Data for this task:
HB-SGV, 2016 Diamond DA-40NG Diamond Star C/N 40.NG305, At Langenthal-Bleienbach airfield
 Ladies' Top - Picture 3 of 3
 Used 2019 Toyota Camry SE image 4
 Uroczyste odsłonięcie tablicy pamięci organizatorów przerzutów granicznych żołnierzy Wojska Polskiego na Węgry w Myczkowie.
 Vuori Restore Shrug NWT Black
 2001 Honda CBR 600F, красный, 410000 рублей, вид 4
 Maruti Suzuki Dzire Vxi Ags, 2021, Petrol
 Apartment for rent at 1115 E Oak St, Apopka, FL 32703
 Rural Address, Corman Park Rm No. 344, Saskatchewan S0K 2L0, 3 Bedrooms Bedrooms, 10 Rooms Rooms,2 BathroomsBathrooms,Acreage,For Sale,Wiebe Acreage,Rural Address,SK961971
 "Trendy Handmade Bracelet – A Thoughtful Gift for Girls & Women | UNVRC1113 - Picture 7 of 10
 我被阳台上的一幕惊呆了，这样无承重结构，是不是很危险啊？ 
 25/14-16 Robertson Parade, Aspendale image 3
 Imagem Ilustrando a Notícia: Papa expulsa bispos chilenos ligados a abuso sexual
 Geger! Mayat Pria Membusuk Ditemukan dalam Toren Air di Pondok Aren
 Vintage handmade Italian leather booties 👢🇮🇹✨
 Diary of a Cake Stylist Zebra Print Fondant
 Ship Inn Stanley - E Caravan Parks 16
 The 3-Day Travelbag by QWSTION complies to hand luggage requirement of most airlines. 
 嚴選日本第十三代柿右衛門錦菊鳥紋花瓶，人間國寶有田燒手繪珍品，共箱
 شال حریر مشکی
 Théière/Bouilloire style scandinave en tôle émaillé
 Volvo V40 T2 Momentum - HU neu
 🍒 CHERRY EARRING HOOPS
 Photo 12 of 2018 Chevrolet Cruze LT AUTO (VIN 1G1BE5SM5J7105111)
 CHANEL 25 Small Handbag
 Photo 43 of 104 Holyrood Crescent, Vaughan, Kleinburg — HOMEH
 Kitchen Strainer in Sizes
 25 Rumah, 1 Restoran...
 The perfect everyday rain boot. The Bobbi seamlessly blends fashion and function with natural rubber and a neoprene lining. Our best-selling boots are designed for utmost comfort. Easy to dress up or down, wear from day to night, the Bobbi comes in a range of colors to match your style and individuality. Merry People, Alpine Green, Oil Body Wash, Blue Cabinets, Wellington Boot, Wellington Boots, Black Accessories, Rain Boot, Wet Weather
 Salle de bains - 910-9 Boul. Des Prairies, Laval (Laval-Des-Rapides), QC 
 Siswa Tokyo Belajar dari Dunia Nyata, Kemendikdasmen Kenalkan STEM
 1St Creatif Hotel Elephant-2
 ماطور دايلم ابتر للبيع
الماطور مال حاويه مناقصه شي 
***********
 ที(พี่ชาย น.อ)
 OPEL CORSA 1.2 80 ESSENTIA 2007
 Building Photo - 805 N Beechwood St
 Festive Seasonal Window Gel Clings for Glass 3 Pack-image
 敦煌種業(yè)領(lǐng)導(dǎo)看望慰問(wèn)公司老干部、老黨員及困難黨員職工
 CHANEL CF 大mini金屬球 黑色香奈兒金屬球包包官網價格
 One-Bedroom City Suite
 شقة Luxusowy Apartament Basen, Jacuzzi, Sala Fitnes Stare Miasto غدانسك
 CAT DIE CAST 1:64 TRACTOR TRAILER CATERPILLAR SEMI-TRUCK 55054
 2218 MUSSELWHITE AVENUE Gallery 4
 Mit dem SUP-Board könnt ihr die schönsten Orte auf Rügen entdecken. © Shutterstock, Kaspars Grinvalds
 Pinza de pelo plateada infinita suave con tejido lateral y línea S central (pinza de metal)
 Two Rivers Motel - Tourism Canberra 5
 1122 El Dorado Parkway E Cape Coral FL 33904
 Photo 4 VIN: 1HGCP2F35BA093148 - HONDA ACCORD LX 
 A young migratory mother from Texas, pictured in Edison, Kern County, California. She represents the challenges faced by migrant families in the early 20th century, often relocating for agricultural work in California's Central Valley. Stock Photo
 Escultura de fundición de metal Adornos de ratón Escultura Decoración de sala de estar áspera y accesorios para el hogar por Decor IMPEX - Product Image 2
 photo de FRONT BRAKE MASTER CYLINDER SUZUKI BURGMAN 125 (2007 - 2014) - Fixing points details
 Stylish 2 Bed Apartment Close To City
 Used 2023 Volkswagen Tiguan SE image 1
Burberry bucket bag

Task objective: As the answer, set down only the lines from the data above between the one holding "ที(พี่ชาย น.อ)" and the one holding "شقة Luxusowy Apartament", inclusive, exactly as they read.

Expected output:
 ที(พี่ชาย น.อ)
 OPEL CORSA 1.2 80 ESSENTIA 2007
 Building Photo - 805 N Beechwood St
 Festive Seasonal Window Gel Clings for Glass 3 Pack-image
 敦煌種業(yè)領(lǐng)導(dǎo)看望慰問(wèn)公司老干部、老黨員及困難黨員職工
 CHANEL CF 大mini金屬球 黑色香奈兒金屬球包包官網價格
 One-Bedroom City Suite
 شقة Luxusowy Apartament Basen, Jacuzzi, Sala Fitnes Stare Miasto غدانسك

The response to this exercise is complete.